Strategia zeroNetanyahu non riesce a vincere la guerra e non sa fare la tregua

L’offensiva israeliana non sta ottenendo quanto sperato e i miliziani nella Striscia continuano a combattere. Il piano Biden, i ricatti degli estremisti, il sì di due partiti ortodossi e la possibile crisi di governo

AP/LaPresse

Sullo sfondo delle notizie contrastanti di queste ore sulla possibile tregua nella Striscia, una realtà si impone sempre di più e determina gli avvenimenti: Idf, l’esercito israeliano, non sta affatto vincendo la guerra di Gaza, al contrario continua a muoversi con estrema difficoltà e ha raggiunto solo obiettivi parziali, ben lontani da quelli prefissati. Un bilancio militare sostanzialmente negativo. Questa è la notizia e su questo si deve ragionare.

Sono passati otto lunghi mesi dall’inizio delle operazioni militari nella Striscia, migliaia e migliaia sono state le vittime civili che costano a Israele un prezzo immenso sulla scena internazionale, ma Hamas non è per nulla sconfitto, né sta per esserlo. Il diabolico piano strategico ideato da Yahya Sinwar è fallito solo sul piano internazionale. Il “Fronte della resistenza” infatti non ha scatenato una guerra totale dal Libano, dalla Siria o dall’Iran, ma solo un’intensa guerra di usura a bassa intensità e soprattutto la piazza araba non si è assolutamente mossa, neppure in Cisgiordania.
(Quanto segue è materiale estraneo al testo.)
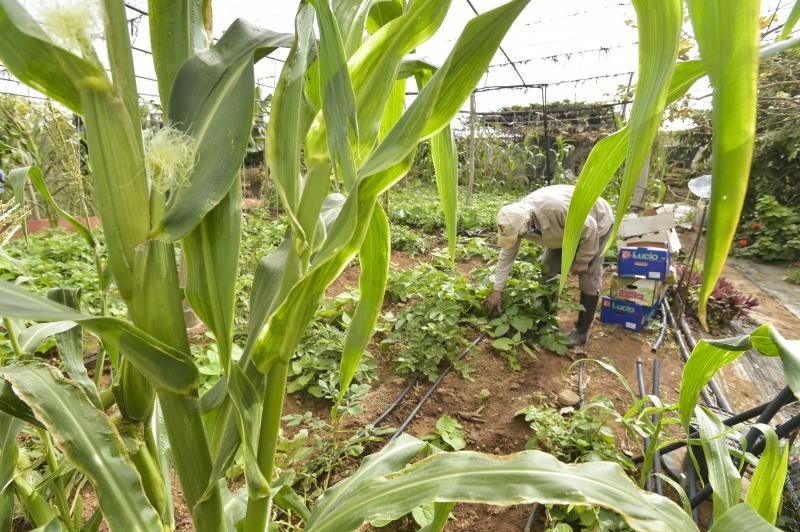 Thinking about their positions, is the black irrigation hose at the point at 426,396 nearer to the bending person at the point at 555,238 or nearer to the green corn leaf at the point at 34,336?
Result: the bending person at the point at 555,238

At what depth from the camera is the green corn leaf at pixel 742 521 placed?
48 centimetres

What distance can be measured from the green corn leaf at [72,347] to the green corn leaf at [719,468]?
42.4 inches

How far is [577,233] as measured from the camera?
0.42 m

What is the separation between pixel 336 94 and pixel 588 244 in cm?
286

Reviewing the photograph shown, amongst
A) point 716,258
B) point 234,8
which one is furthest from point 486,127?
point 716,258

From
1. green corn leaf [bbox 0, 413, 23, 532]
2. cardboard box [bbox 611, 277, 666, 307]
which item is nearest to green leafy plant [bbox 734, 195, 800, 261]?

A Gaza però sta funzionando a pieno l’immensa casamatta costituita dai settecento chilometri di tunnel in cui sono rifugiati i miliziani di Hamas con i loro ostaggi. La riprova? Non uno degli ostaggi è stato liberato dall’esercito israeliano. La seconda riprova? Hamas è ancora in grado di lanciare missili contro Israele, sia pure in maniera più dimostrativa che distruttiva. La terza riprova? L’obiettivo di sradicare completamente l’apparato militare di Hamas appare oggi irrealistico e sono proprio gli alleati americani ad affermarlo mentre invitano Israele ad accontentarsi del fatto che oggi i suoi miliziani non potrebbero replicare il pogrom del 7 ottobre, un obiettivo minimale.
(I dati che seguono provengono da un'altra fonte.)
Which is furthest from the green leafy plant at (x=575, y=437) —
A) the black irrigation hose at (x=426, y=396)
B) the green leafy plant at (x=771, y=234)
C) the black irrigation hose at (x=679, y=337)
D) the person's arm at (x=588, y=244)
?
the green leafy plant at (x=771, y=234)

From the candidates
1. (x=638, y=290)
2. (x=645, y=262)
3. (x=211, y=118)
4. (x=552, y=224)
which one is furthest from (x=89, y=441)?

Di fatto ha mostrato tutti i suoi limiti la strategia israeliana basata sul risparmio di vite umane dei propri soldati e quindi sull’impiego su larga scala dei bombardamenti aerei con “bunker buster”, le speciali bombe da novecento chili che avrebbero dovuto neutralizzare i tunnel sotterranei. Obiettivo mancato: questi intensi e diffusi bombardamenti hanno distrutto l’abitato di Gaza, ma i tunnel ne sono usciti se non indenni, quasi.
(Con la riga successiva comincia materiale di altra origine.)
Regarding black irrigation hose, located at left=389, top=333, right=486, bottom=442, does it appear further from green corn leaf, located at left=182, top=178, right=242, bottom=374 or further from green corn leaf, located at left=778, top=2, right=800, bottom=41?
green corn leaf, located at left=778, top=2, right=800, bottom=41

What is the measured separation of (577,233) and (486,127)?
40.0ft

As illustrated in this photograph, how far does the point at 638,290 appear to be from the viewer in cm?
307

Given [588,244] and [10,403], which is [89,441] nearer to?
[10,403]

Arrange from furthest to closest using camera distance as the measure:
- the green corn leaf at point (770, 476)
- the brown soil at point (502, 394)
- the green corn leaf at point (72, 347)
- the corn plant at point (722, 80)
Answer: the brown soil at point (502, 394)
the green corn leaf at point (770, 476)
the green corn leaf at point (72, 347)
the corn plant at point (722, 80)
Sia chiaro, Hamas ha subìto enormi perdite, sia di migliaia di miliziani che di depositi d’armi e di tunnel bonificati e distrutti. Ma è ancora in grado di resistere, è assolutamente lontano dall’essere distrutto. Yahya Sinwar, dopo tanti mesi di combattimenti, è ancora in grado di dettare condizioni a lui favorevoli per una tregua. Questo anche perché alla sua resilienza inaspettata sul piano militare si è sommato un elemento determinante a suo favore: la campagna elettorale negli Stati Uniti. Mai, dai tempi della guerra del Vietnam, il peso della scadenza elettorale ha pesato in modo così profondo sulla conduzione di una guerra. Solo che questa guerra non è condotta dagli americani, ma Joe Biden rischia comunque grosso in alcuni Stati determinanti se non si imporrà sul riottoso alleato israeliano.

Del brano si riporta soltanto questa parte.